Team

Paul Richardson

Director of Clinical Research and Clinical Program Leader / RJ Corman Professor of Medicine

After certification in Internal Medicine, Hematology and Medical Oncology, Dr Paul Richardson worked in Cancer Pharmacology from 1994 onwards at Dana-Farber Cancer Institute (DFCI).

He joined the Jerome Lipper Myeloma Center in 1999, was appointed Clinical Director in 2001, leading development of drugs including bortezomib, lenalidomide and pomalidomide for the treatment of multiple myeloma. Subsequent studies included panobinostat and second-generation proteasome inhibitors including ixazomib. Recent clinical highlights are development of monoclonal antibodies elotuzumab and daratumumab for both untreated and relapsed myeloma, and antibody drug conjugates including belantamab mafodotin.

Richardson helped develop peptide drug conjugate melflufen, the first-in-class small molecule inhibitor selinexor, which targets XPO-1, a key nuclear export protein, as well as first-in-human studies of potent cereblon E3 ligase modulators for relapsed and refractory myeloma.

Over the last decade research focused on lenalidomide, bortezomib and dexamethasone (RVD), including its incorporation as part of the Intergroup Francophone Myelome (IFM)/DFCI clinical trials in newly diagnosed patients eligible for stem cell transplant treated with RVD. RVD has been established as a backbone to which next generation agents are being added, including elotuzumab, daratumumab and isatuximab, as well as panobinostat.

He authored or co-authored over 460 original articles and 340 reviews, chapters, and editorials in peer-reviewed journals. Richardson holds positions on the editorial boards of leading journals, is former chair of the Multiple Myeloma Research Consortium (MMRC), Clinical Trials Core, and continues to serve on its Steering and Project Review Committee.

He was also a member of ASCO Hematologic Malignancies Subcommittee, the ASCO Internet Cancer Information Committee and was appointed Chair of the Alliance Myeloma Committee in 2011 and completed his 10-year tenure in this role in 2021.

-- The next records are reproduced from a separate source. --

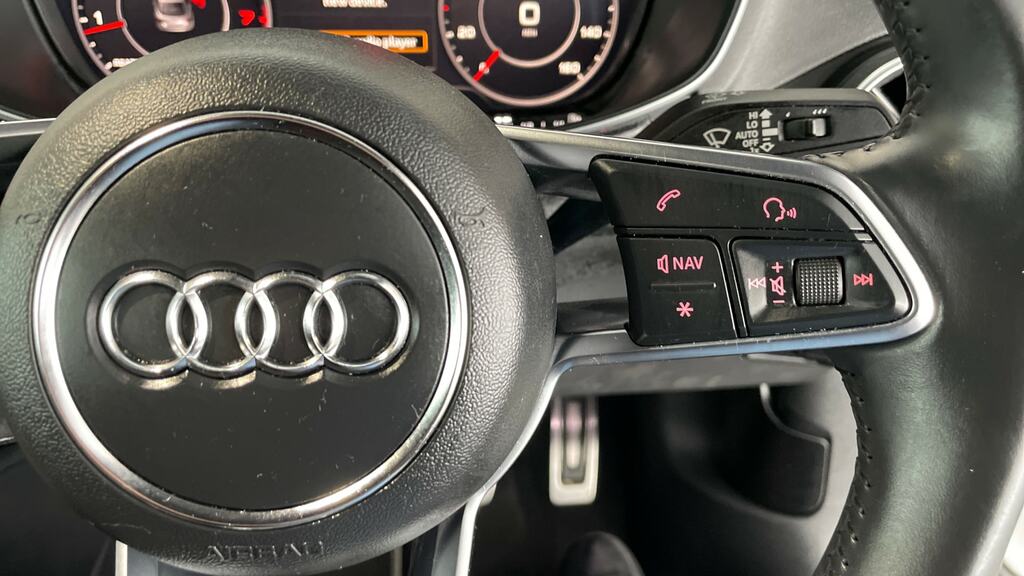 Audi TT 2.0T Fsi Quattro S Line S Tronic Tech Pack Blue #18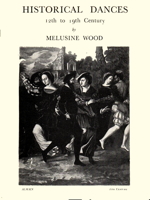 Historical Dances by Melusine Wood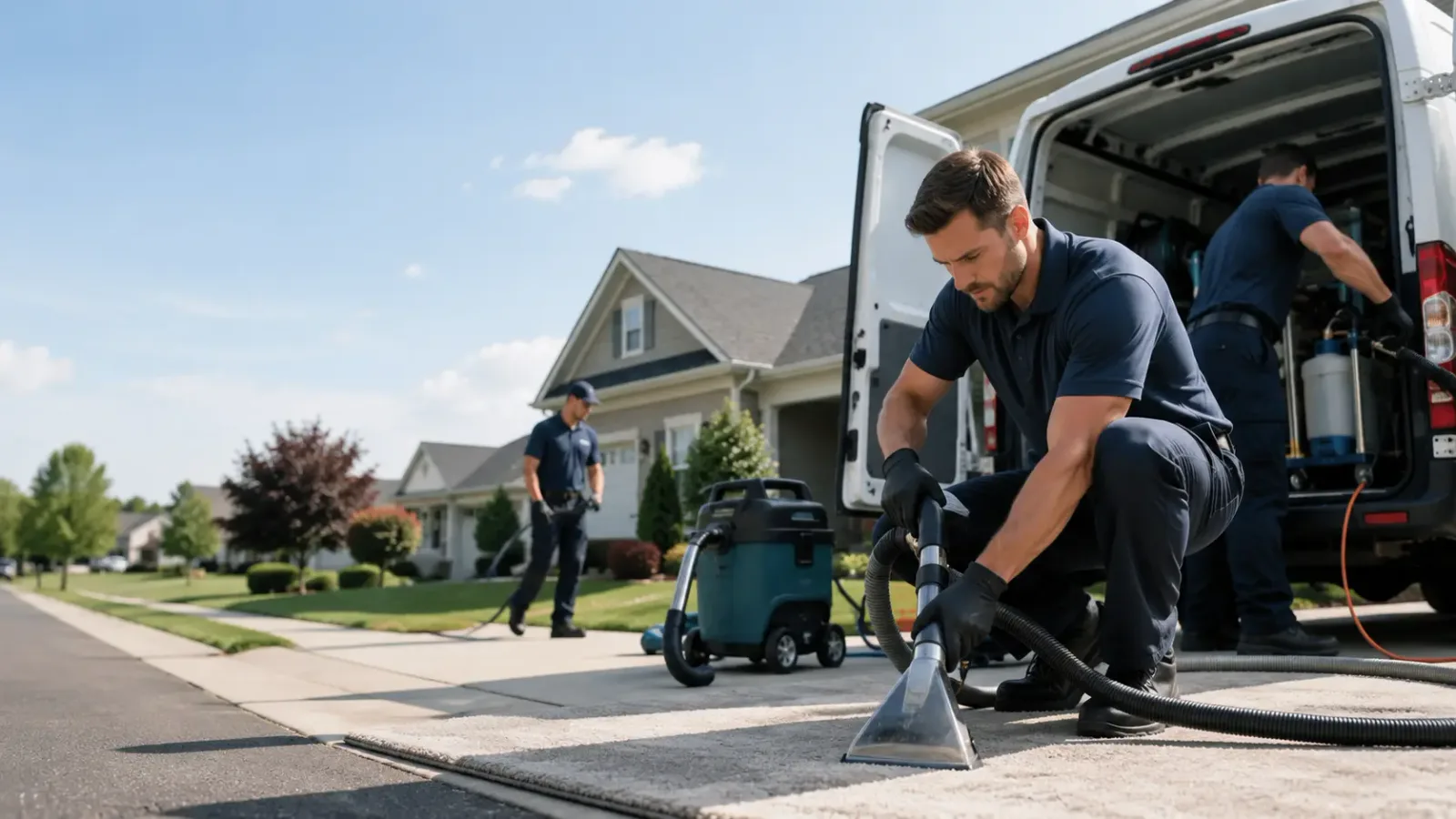 Pet Odor Removal service in Nelson, WI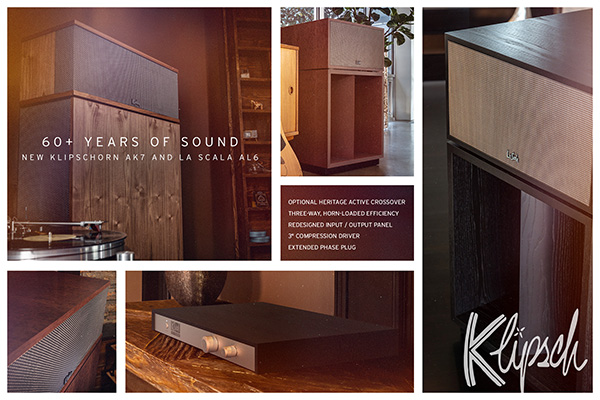 Klipsch Heritage Launch
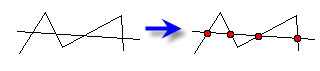 Intersection points (2K)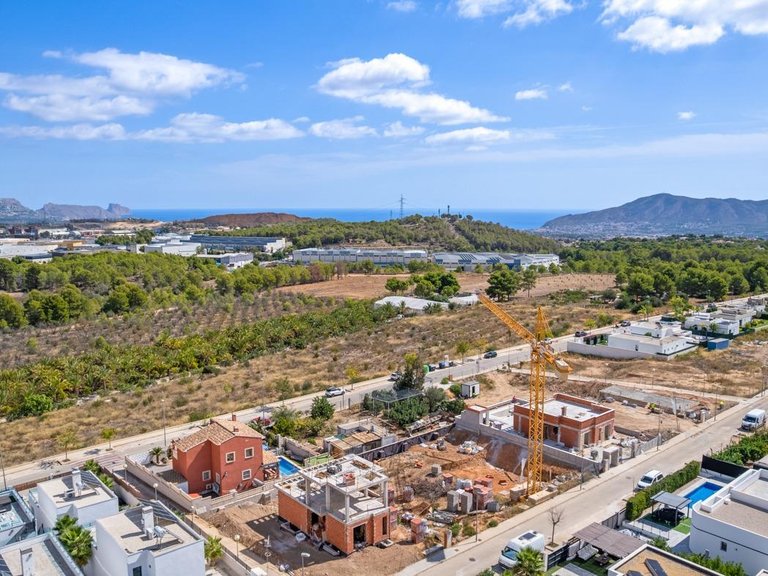 Villa for Sale in Novapolop Polop, Alicante 31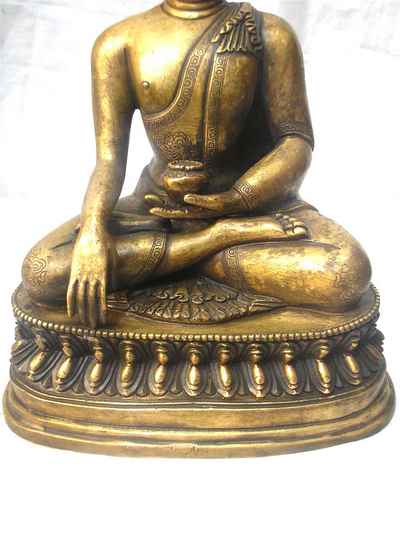 Shakymuni Buddha Statue, [sold]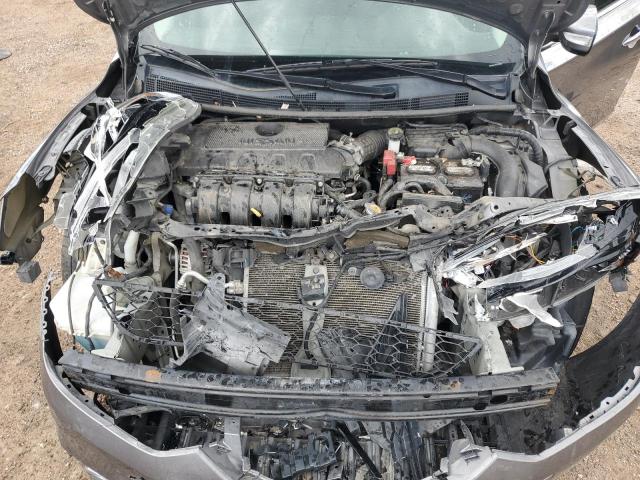 2016 NISSAN SENTRA S - 3N1AB7AP6GY217896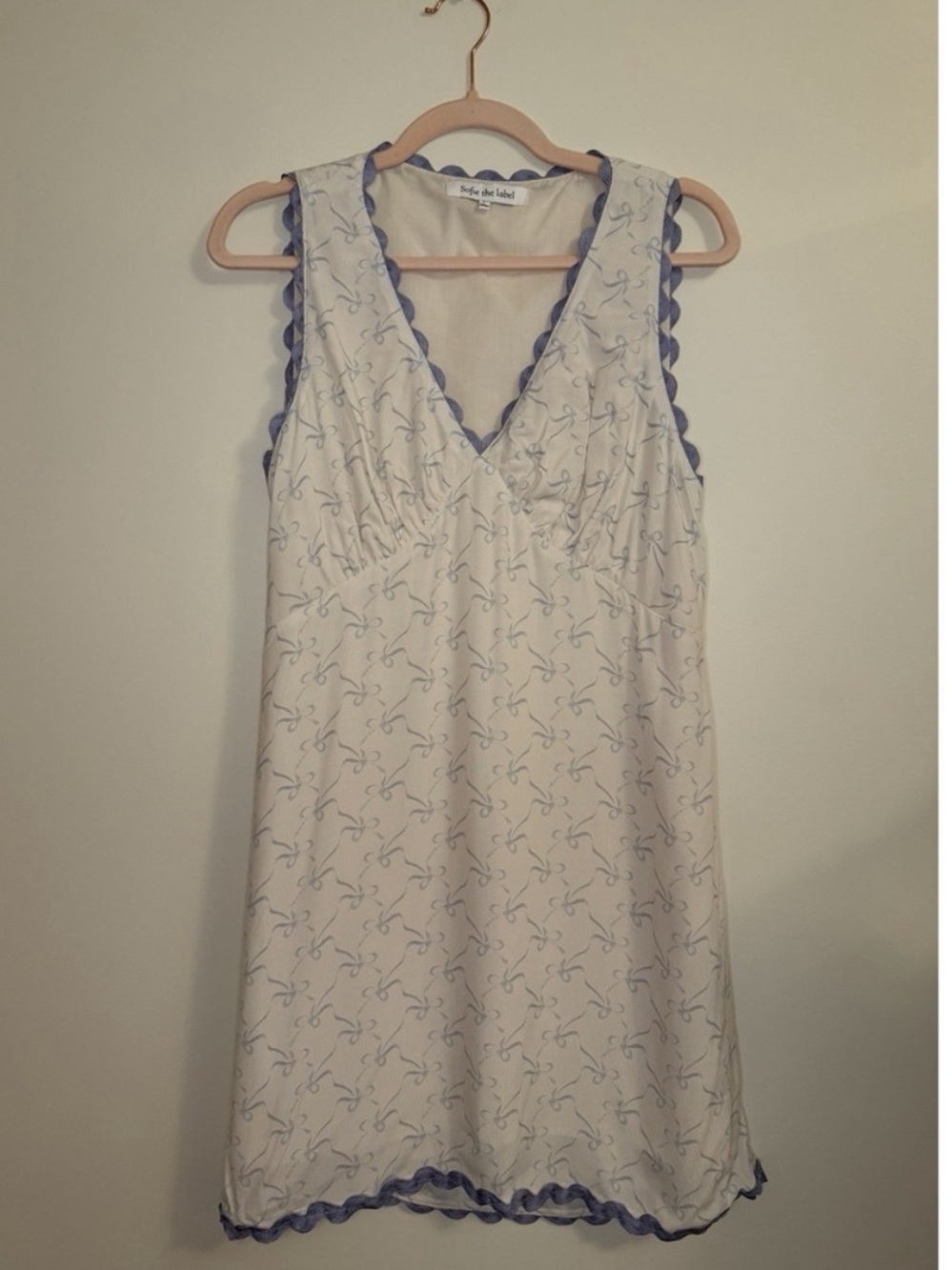 Sophie the Label Mini Dress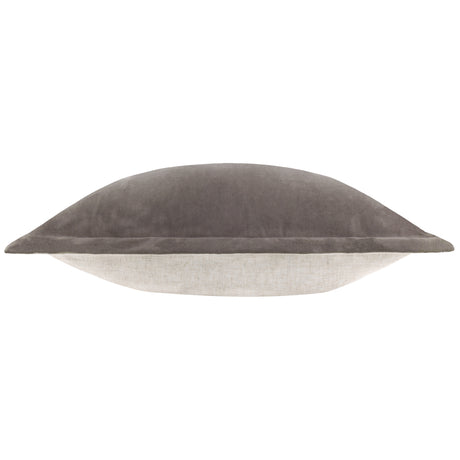 The Linen Yard Merton Square 55cm x 55cm Polyester Filled Cushion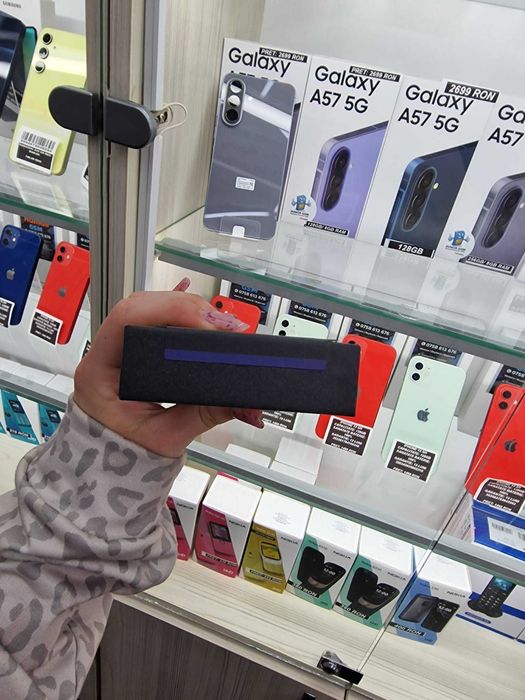 Samsung Galaxy S26- 256GB / 12 RAM (NOU SIGILAT) -3649 Ron (TVA inclus)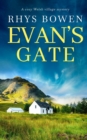 EVAN'S GATE a cozy Welsh village mystery - Book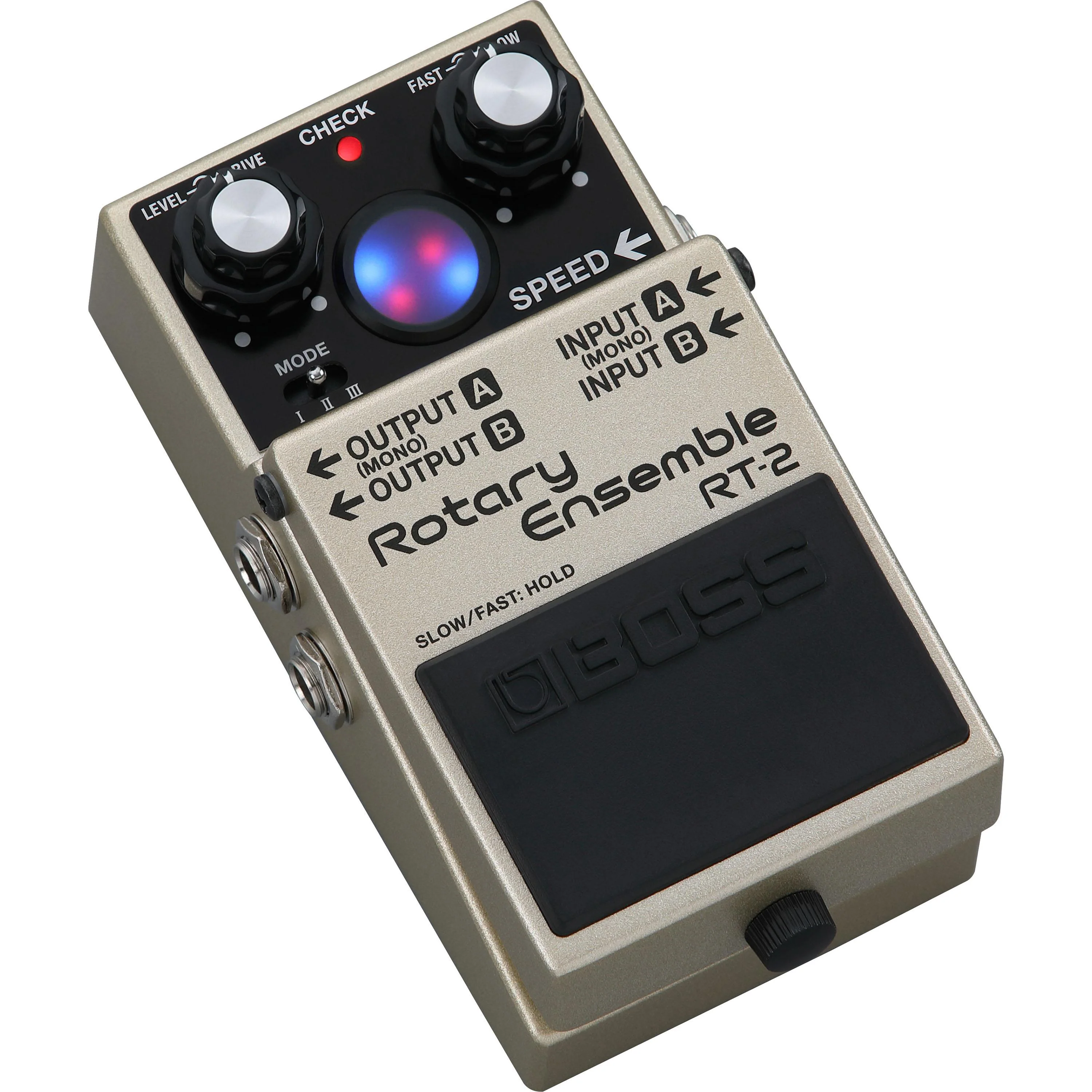 Boss RT-2 Rotary Ensemble Pedal - Image 3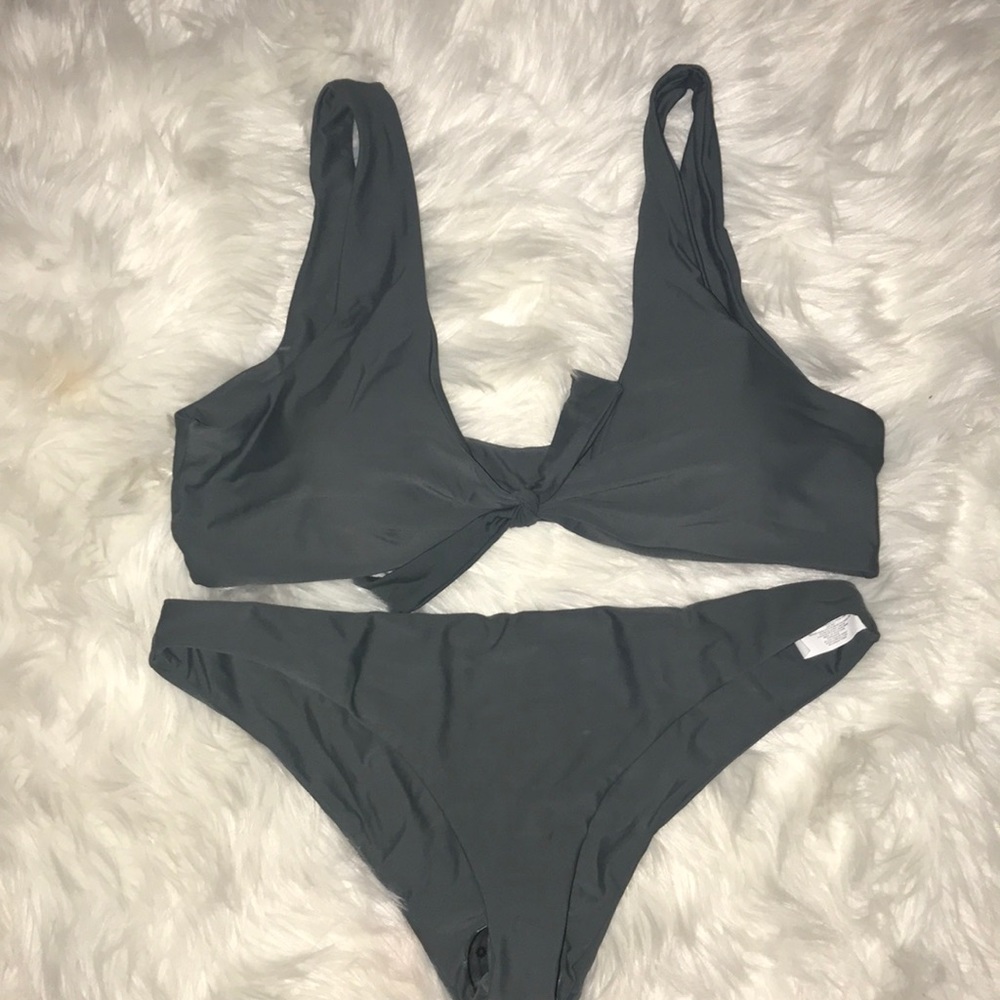 NEW olive bikini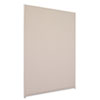 <strong>HON®</strong><br />Verse Office Panel, 48w x 72h, Gray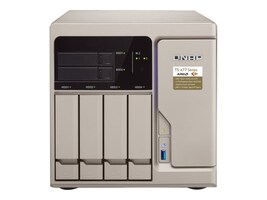 QNAP TS-677-1600-8G-US Main Image from Front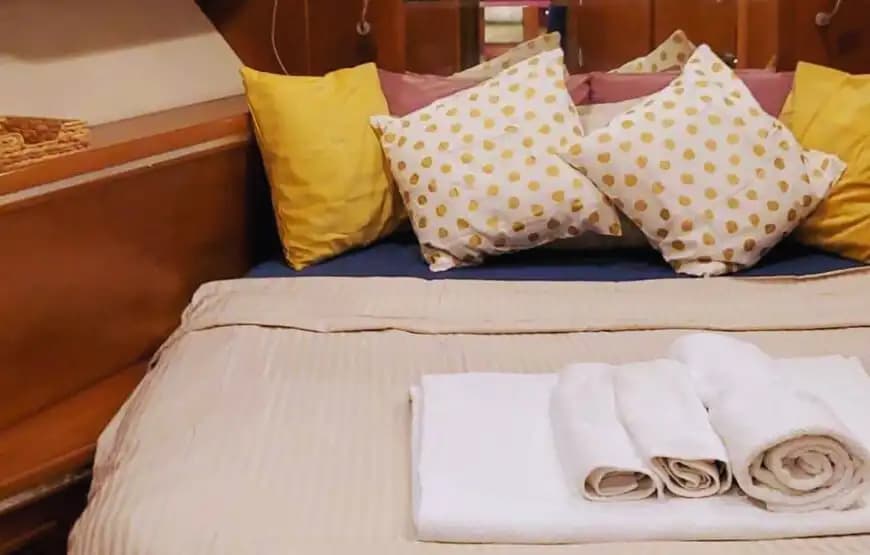 Bekarlığa Veda Partisi veya Romantik Bir Gün: Kemer’de Azimut Yat! 11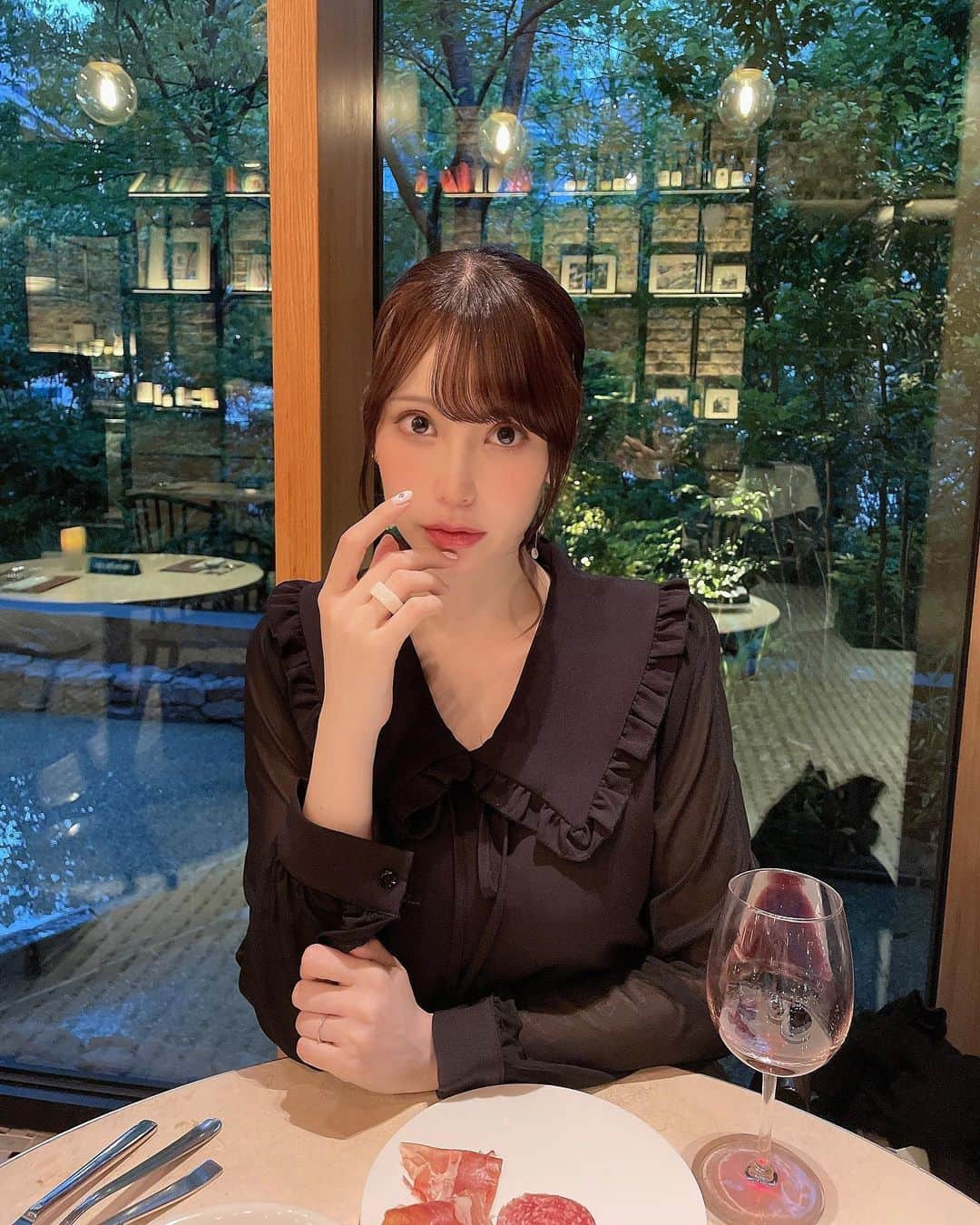 藤城アンナのインスタグラム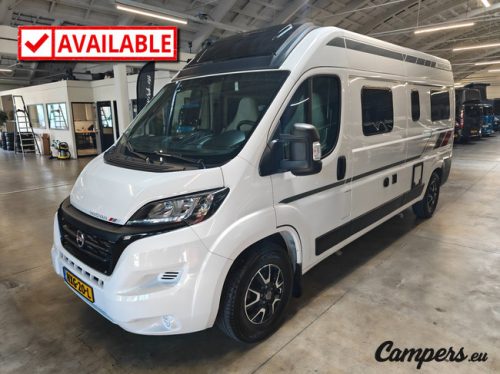 LMC INNOVAN 600 140PS Skyroof, Solar, Facelift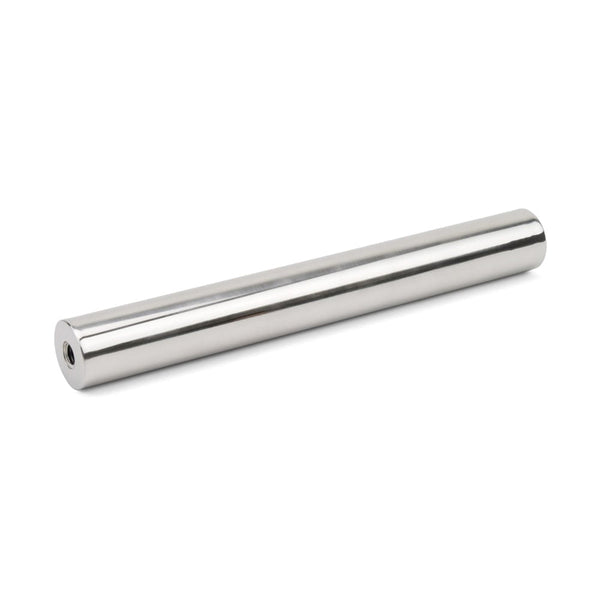 Separator Bar Tube Magnet - 25mm x 300mm | M6 Thread | 12K Gauss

Honors include the George Canellos Award for Excellence in Clinical Research and Patient Care, and The Tisch Outstanding Achievement Award for Clinical Research, as well an honorary Fellowship of the Royal College of Physicians (UK). He was a co-recipient of the Warren Alpert Foundation Prize and was a co-recipient of the Accelerator Award for contributions to clinical research and patient enrolment in MMRC studies.
Ranked by Thomson Reuters Science Watch amongst the top 19 investigators at DFCI for the most highly cited research in 2016 and again in 2022, Richardson was the co-recipient of the ASH Ernest Beutler Prize for development of proteasome inhibition as an effective treatment strategy for multiple myeloma in 2015; the COMY Award for MM research (Paris, France) in 2016, and the IMF Robert A. Kyle Lifetime Achievement Award in 2017, together with the Clare and Richard Morse Research Award (DFCI) in 2019, as well as the Giants of Cancer Care Award (USA) in 2021.